3人揃って控えていると秀吉が偉そうに金ピカの服を着て現れ、座るなり声を出した。


「公方よ、よくぞ参った。久しぶりだな」


おお、秀吉め結構老けたな。こりゃ父上の言う通り本当に10年経ったら死んでるな。顔に出さない、顔に出さない、と。


「殿下。二代将軍、武田信勝。お申し付けにより参上仕りました」


秀吉は信勝の顔を見つめた。この自信に溢れた顔、どうしてくれようか。


「この度の不祥事。どう責任を取るのか直接公方の口から聞かせてもらいたい」


「何の事でございましょう?」


「帝ならびにこの関白が戦を禁じたのに、武田領地で戦があったではないか。どういう事かと聞いておる」


「恐れながら申し上げます。九州では関白様の手の者が戦をしていると聞いておりますが」


九州では関白の言うことを聞かない大友宗麟に島津義久、加藤清正が仕掛けている。武田家は大友へは陰ながら支援している。船で武器弾薬を供給し、真田信尹が先頭に立って一歩も引かず踏ん張っていた。


「話をすり替えるな。武田領地の揉め事をどう責任を取るのかと聞いておる」


「確かに争いはありましたが戦ではございません。反乱分子が暴れたので抑えただけでございます。すでに収まっております。殿下、前田利家殿がその反乱分子を匿っているようなのですがご存知ですか?」


「利家が?そのような事はあるまい。もしそうであったとしたらその反乱分子は生きてはいないだろうよ。利家は戦を収めるために出陣したと聞いておる。その利家に武田軍が仕掛け兵が大勢死んだそうだ」


「武田の領地内の話なのですが。勝手に侵入して仕掛けてきたのは利家殿です」


「人の親切を素直に取れないとは将軍の器ではないな。そなたの口ぶりからすると責任を取る気はなさそうだな」


「御意。戦をするのが目的ではありません。民が安心して暮らせるよう、政治をしただけでございます。その反乱分子もどこかの誰かに良からぬ事を吹き込まれたようで、困った物です」


「ほう、どこかの誰かとな。誰の事かはわからんが、武田には日ノ本を治めるのは無理があるのではないか?将軍職を返上すべきだと思うが」


「いえ、武田はすでに日ノ本の半分を治めております。あとは関白様がこの武家の棟梁に全てをお任せくだされば戦のない民百姓が安心して暮らせる国になりましょう。ところで殿下、キリシタンについてはどうお考えでしょうか?」


「また話をすり替えようとする。公方はそんなにしたたかだったかの?まるでそなたのお父上を見ているようだ」


全く言う事を聞かぬ信勝に腹を立てつつ、信勝の成長ぶりに恐れおののいていた。秀頼の時代にこんな奴が将軍でいたらひとたまりもない、何としても目の黒いうちに武田を滅ぼさねばならぬと改めて感じた秀吉だった。

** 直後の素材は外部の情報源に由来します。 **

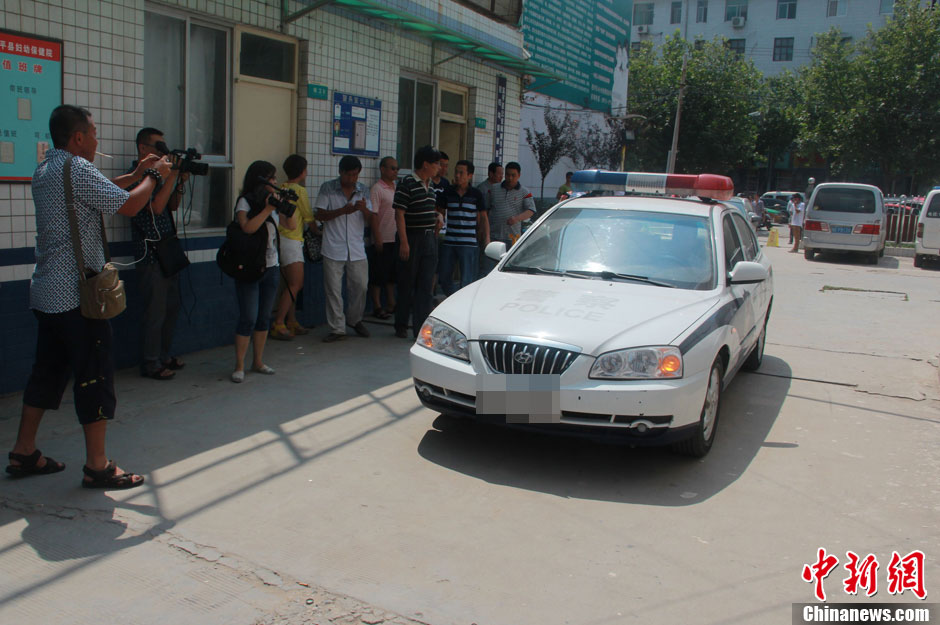 圖為護(hù)送獲救嬰兒的警察駛?cè)敫黄娇h婦幼保健院。張一辰 攝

さらにキリシタンとは痛いところを突いてきおって。官兵衛を敵に回す事はできん。

秀吉は武田にタイとの貿易を抑えられてしまい、武器弾薬をキリシタンを通じてスペインから購入していた。帝はキリシタン排除派だ。天皇崇拝こそが日ノ本には望ましいと言っており、秀吉には頭痛のタネだった。

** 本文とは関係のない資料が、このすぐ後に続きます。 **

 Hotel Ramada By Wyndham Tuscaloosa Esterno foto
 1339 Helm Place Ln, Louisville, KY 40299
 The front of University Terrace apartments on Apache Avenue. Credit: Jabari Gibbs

「武田と仲のいい大友宗麟もキリシタンではないか。そなたはどう思うのだ?」


「先に聞いたのはこちらですが、いいでしょう。お答え致します。この日ノ本は神の国であり、神の子孫であられる帝を中心に政治を行うべきと考えます。ただし、すでにキリシタンはあちこちで布教活動を行っており頭ごなしに抑えつけるのは危険です。ご存知の通り大名にもキリシタンがおりますが、今のところ宗教戦争にはなっていません。これ以上広まらないようにする事が大事かと」


「大御所に聞いたのだな。この時代しか知らんそなたから宗教戦争という言葉が出るとは思えん。悔しいが、大御所と同意見だ。そこは意見があったな。だが、それとこれとは別だ。今回の戦の不始末、越中と長浜、美濃を返してもらおう」


「お断り申す。余りにも理不尽。殿下のお言葉とも思えませぬ」


「言う事を聞けぬと?」


「御意」


「あくまでも従わぬと言うのだな。この関白に逆らうと言う事は帝に逆らう事と同じぞ。それをわかっておるのだろうな」


「例え殿下であろうと間違っていれば正すのがこの将軍の役目と存じます」


「ええい、わからぬ奴め。将軍か。その征夷大将軍だが、近々剥奪される事になるであろう。将軍には秀頼がなる」


「何と仰せられる?そのような事、許されるはずがありません」


「帝の仰せだ。秀頼は前田利家の孫にあたる。前田家の祖先は佐々木源氏だと、官兵衛が言っておった。官兵衛は元は佐々木姓だしの。官兵衛が言うのだから間違いないであろう。豊臣の名の元にこの国は治められるのだ。帰って良いぞ。勝頼殿によろしくな」


護衛として控えている井伊直政は頭から湯気が出そうなくらい怒っていた。秀吉を見たのは初めてだ。話には聞いていたがこんな猿みたいな男が偉いのか?話に筋が通っていない。今にも斬りかかるような殺気を出していたのを見て慶次郎が目で抑えるよう訴えてから話し始めた。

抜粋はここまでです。